The Queensland Chapter of the IEEE Computational Intelligence Society is hosting the following seminar:
Title: Protocol Learning: Towards True Open-Source AI
Speaker: Dr Alexander Long, Amazon
Hosts: Marcus Gallagher and Aneesha Bakharia
Registration: The event is free to attend and open to non-IEEE members, but registration is required via: https://events.vtools.ieee.org/m/480291
Abstract: In the current AI landscape, foundational models remain effectively closed-source, with innovation tightly controlled by a few well-funded corporations and dependent on their continued release of base model weight sets. Protocol Learning represents a bold new direction, enabling truly open-source AI through decentralized, low-bandwidth, multi-party model-parallel training. In this talk, Alexander Long, founder of Pluralis Research, will discuss the core research behind Protocol Learning, how it allows—for the first time—truly community-created and owned models, and the significant economic and geopolitical implications this has on the foundational model layer. He will also share insights from his journey founding Pluralis, raising over AUD 11M from prominent US investors in the first funding round, assembling a tier-1 research group domestically in Australia, and offering his perspective on the current state of venture capital in Australia, and how to navigate this as a founder, as well as Australia's strategic position within the global AI ecosystem.

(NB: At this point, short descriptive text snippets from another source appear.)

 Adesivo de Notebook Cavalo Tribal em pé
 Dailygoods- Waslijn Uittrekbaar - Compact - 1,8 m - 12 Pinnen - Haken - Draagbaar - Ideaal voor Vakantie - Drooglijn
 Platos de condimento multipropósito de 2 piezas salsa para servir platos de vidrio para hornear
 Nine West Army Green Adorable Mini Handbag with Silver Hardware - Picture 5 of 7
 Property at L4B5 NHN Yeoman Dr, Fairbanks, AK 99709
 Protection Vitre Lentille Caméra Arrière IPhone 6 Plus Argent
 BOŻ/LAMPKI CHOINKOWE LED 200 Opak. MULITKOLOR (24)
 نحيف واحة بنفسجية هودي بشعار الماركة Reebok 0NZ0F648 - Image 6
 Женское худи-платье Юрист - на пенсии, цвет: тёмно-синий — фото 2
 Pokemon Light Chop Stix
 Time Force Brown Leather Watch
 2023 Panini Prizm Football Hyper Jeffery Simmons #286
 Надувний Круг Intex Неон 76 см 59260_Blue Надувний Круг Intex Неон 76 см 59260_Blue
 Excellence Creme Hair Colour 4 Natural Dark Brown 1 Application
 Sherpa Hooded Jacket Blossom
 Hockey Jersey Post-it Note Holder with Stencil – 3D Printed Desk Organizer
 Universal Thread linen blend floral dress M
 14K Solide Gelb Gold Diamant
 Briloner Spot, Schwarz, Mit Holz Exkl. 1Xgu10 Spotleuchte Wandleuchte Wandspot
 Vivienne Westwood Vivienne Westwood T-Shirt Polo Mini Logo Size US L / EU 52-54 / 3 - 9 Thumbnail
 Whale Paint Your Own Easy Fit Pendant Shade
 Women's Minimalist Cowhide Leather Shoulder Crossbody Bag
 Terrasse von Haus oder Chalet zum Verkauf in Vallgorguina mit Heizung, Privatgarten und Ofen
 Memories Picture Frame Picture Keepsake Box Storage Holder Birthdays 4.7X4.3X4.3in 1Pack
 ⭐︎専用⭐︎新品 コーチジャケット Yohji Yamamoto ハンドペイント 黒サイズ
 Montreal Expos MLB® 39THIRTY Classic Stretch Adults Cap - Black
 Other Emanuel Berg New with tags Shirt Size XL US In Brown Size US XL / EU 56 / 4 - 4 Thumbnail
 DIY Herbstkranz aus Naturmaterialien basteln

Bio: Alexander Long spent three years gaining familiarity with large-scale training dynamics at Amazon as an Applied Scientist. He spearheaded research on the structure of representation spaces in multimodal foundation models: work that was both published in tier 1 venues and applied directly at Amazon scale. His PhD focused on Nonparametric External Memory in Deep Learning and was the school nominee for Malcolm Chaikin prize (best thesis). He holds an M.Sc. from the Technical University of Munich and BE from UQ all awarded with highest honors.
About Data Science Seminar
This seminar series is hosted by EECS Data Science.